Your answer should be the lines below from the one holding "TEVO 5PCS 3" through the one holding "Craft Consortium CCSTMP042", copied exactly and with nothing else.

::::::::::

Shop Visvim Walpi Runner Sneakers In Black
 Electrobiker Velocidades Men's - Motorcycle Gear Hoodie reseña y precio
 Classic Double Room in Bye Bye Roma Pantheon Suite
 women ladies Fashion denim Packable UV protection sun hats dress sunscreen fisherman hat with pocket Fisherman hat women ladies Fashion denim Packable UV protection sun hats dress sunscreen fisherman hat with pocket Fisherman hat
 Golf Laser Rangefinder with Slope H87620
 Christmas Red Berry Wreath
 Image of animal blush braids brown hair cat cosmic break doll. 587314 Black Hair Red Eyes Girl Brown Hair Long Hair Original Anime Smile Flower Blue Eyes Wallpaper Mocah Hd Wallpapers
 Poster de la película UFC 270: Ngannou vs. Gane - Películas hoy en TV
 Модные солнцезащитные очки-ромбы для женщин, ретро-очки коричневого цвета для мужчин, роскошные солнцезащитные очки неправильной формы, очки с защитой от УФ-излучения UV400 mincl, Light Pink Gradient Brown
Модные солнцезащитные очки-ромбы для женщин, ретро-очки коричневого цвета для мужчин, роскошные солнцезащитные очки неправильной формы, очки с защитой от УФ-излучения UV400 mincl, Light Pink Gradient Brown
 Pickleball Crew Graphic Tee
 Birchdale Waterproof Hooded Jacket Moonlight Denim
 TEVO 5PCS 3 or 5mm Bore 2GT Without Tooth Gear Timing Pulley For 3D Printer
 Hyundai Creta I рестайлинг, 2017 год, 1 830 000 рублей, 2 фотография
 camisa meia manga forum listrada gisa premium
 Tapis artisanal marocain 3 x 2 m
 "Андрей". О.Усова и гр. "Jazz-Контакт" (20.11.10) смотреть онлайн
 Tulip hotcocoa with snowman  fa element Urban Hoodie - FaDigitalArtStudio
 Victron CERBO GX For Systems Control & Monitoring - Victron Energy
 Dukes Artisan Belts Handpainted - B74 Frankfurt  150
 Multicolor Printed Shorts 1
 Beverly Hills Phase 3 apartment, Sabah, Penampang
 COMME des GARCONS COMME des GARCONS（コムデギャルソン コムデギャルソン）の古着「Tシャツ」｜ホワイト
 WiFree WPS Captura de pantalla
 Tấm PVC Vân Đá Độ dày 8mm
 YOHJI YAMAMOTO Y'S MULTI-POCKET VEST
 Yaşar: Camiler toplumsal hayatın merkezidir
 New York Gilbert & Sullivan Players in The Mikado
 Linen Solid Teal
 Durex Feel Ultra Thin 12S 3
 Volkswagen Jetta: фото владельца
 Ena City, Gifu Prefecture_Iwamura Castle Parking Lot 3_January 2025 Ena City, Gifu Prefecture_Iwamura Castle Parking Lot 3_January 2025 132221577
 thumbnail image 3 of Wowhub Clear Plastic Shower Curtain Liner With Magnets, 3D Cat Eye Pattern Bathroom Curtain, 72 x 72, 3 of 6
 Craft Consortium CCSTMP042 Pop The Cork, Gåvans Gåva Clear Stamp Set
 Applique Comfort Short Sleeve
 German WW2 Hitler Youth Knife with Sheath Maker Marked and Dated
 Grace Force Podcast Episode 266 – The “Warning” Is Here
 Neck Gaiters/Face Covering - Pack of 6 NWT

::::::::::

ANSWER AREA ▸
 TEVO 5PCS 3 or 5mm Bore 2GT Without Tooth Gear Timing Pulley For 3D Printer
 Hyundai Creta I рестайлинг, 2017 год, 1 830 000 рублей, 2 фотография
 camisa meia manga forum listrada gisa premium
 Tapis artisanal marocain 3 x 2 m
 "Андрей". О.Усова и гр. "Jazz-Контакт" (20.11.10) смотреть онлайн
 Tulip hotcocoa with snowman  fa element Urban Hoodie - FaDigitalArtStudio
 Victron CERBO GX For Systems Control & Monitoring - Victron Energy
 Dukes Artisan Belts Handpainted - B74 Frankfurt  150
 Multicolor Printed Shorts 1
 Beverly Hills Phase 3 apartment, Sabah, Penampang
 COMME des GARCONS COMME des GARCONS（コムデギャルソン コムデギャルソン）の古着「Tシャツ」｜ホワイト
 WiFree WPS Captura de pantalla
 Tấm PVC Vân Đá Độ dày 8mm
 YOHJI YAMAMOTO Y'S MULTI-POCKET VEST
 Yaşar: Camiler toplumsal hayatın merkezidir
 New York Gilbert & Sullivan Players in The Mikado
 Linen Solid Teal
 Durex Feel Ultra Thin 12S 3
 Volkswagen Jetta: фото владельца
 Ena City, Gifu Prefecture_Iwamura Castle Parking Lot 3_January 2025 Ena City, Gifu Prefecture_Iwamura Castle Parking Lot 3_January 2025 132221577
 thumbnail image 3 of Wowhub Clear Plastic Shower Curtain Liner With Magnets, 3D Cat Eye Pattern Bathroom Curtain, 72 x 72, 3 of 6
 Craft Consortium CCSTMP042 Pop The Cork, Gåvans Gåva Clear Stamp Set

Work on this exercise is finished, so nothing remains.